У Ассайаса в «Летнем времени» (2008), фильме столь же мимолетном и удручающе неуловимом, как золотой час (всегда) или солнечный день (в ноябре), есть история, что обманчиво подается как мораль басни. Изложенная учтивым полушепотом сцена происходит в бесконечных просторах парижского музея Орсе, где почему-то всегда дышится особенно легко. Наверное, из-за того, что, в отличие от признанных вековых дворцов-гробниц, все местные лабиринты и закоулки все равно выводят тебя в центровое пространство, напоминающее громадную дышащую оранжерею со скамьями, где вместо растений — в веках вьются античные скульптуры и монументы.
«Летнее время» — история дележки имущества, формально возвышенной, ведь ее предметом становится собрание искусства, на деле — болезненной, как и любая другая семейная повинность, так и норовящая перерасти в склоку с погрешностью в несколько лет (или даже десятилетий) взаимного игнора.
После смерти пожилой матери Элен (Эдит Скоб, «Глаза без лица») трое ее детей — сентиментальный экономист Фредерик Марли (Шарль Берлен, «Нелли и месье Арно»), отличающаяся профессиональной мелочностью дизайнер little things для интерьера Адриан Марли (Жюльет Бинош, «Рецепт любви») и равнодушный эгоист-менеджер Жереми Марли (Жереми Ренье, «Мост искусств») должны распорядиться антикварным имуществом и фамильным загородным домом. К счастью, обходится без чеховских стенаний по вишневому саду. Фредерик хоть и не согласен с рвением родни продавать наследство, желая, чтобы его дети сквозь года также как и он привозили резвиться в усадебку своих отпрысков, но, просчитав все финансовые риски, против брата/сестры не идет. По иронии, человек сделавший карьеру на цифрах, — материализм презирает и тонко чувствует.

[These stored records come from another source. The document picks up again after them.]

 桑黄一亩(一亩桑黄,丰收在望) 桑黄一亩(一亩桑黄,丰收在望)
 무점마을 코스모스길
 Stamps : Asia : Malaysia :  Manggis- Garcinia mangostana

Спустя несколько месяцев после того, как во избежание конских налоговых отчислений троица Марли безвозмездно передает антикварные и живописные ценности в Орсе, Фредерик с супругой (Доминик Раймонд, «Дьяволы»), придя в музейный зал мебели, рассматривает стол Жака Мажореля, за которым столько лет, аккуратно сдувая пылинки, восседала его мать. «Странно видеть его здесь», — пространно замечает затосковавший мужчина и сразу вспоминает историю про своего приятеля Антонио Бернарди. Как-то они смотрели частную коллекцию у одного банкира в Лугано. Там-то, побледнев, Антонио и увидел портрет своей давно умершей жены. Картина «словно была в тюрьме», поэтому товарищ Фредерика едва машинально не схватил полотно, чтобы унести восвояси.
Почему это полумораль?
Что делать, когда произведение искусства — нечто большее, чем творческий акт и имеет непосредственно прямое отношение к тебе? А если эта по совместительству часть твоей жизни теперь открыта для глаз других? Ничего не попишешь. Вопрос риторический, но стоимость на аукционе Сотбис не всегда выше, нежели ценность сентиментальная.

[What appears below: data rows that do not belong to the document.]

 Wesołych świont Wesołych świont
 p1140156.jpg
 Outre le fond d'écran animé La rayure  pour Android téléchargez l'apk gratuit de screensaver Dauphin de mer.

В новом фильме Джулиана Шнабеля «Рукой Данте» реинкарнация великого итальянца в лице нью-йоркского писателя-неудачника (Оскар Айзек, «Франкенштейн») просыпается от творческого коматоза в тот момент, когда по наущению нечистого на руку арт-дельца получает задание вместе с хамом-подельником (Джерард Батлер, «300 спартанцев») выудить у сицилийского мафиозного авторитета рукопись «Божественной комедии». Однако вместо торгов и миллионов на черном рынке авантюрист забирает фолиант себе, ведь он выстрадал его, не только рискуя жизнью сейчас, но и чувственно измучившись несколько веков назад.
Ладно, потомки, зачитывайтесь «Комедией» в гуманитарных университетах, но автору все равно принадлежит уникальное право на его письмо (отсюда и название), жизнь и любовь. Последнюю и воспевает Шнабель, позволяя ей хотя бы на экране выйти из категории обобщения (лирического образа Данте и его идеала) в плоскость осязаемых, жадных и плотских объятий двух прекрасных людей (Айзеку в пару выбрали Галь Гадот). Еще и под закадровые трели Ника Кейва.

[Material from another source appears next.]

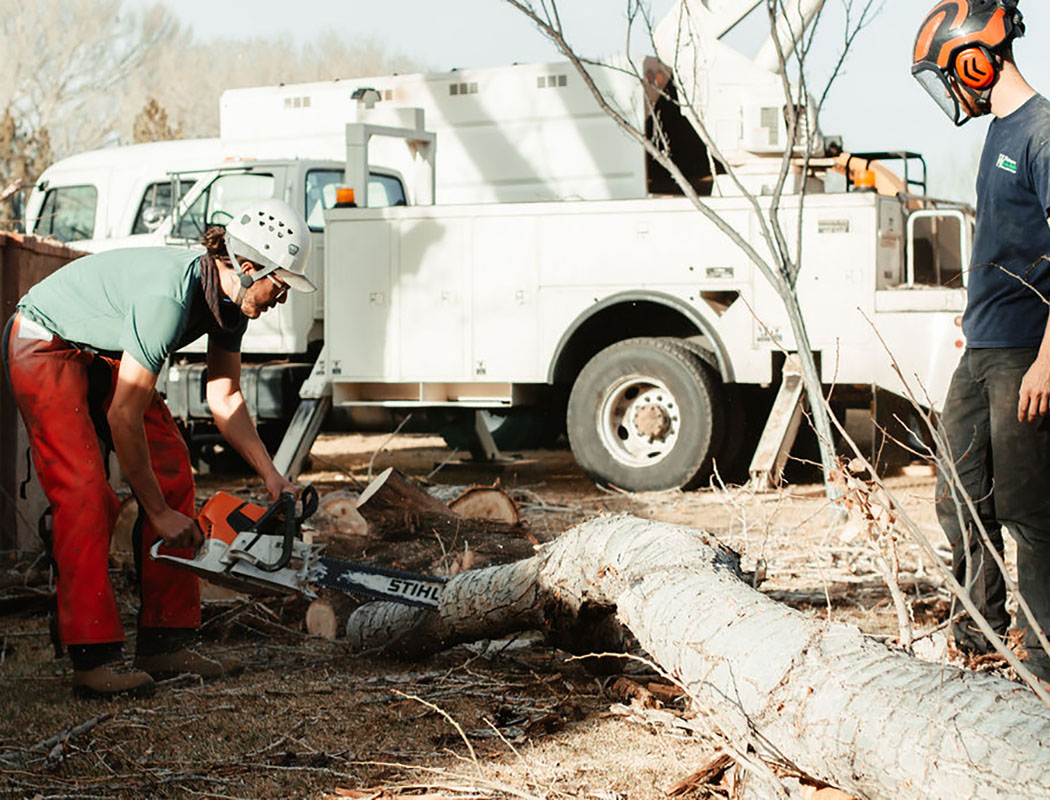 two arborists tree removal albuquerque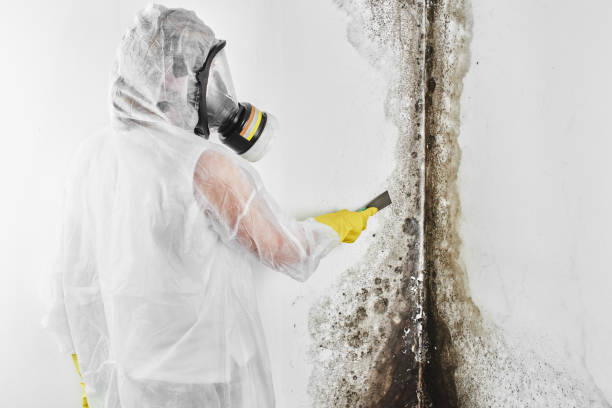 Best Crawl Space Mold Removal  in Elfers, FL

Казалось бы, какая банальность! Но мы в нашей фантомной la vie так и растворимся в безвременной ночи на закате наших дней, если не получим какой-то материальной прописки. Например, став героем своего/чужого романа. Натурщиком или персонажем. Прохожим, нечаянно заглянувшим в кадр, или прототипом, оставившим неизгладимый след. Как устроен автофикшн, известно, авторское кино зачастую становится результатом пересказа персональных курьезов недели/месяца/года/декады. Однако не меньшим монументом, в том числе с точки зрения искусства, остается наша раковина, что стоит себе на месте и после смены циклов и эпох.
Все они продолжают поэтику Ассайаса, чье «Летнее время» мягким светом освещает аллею выстроившихся в ряд маленьких судеб и трагикомедий.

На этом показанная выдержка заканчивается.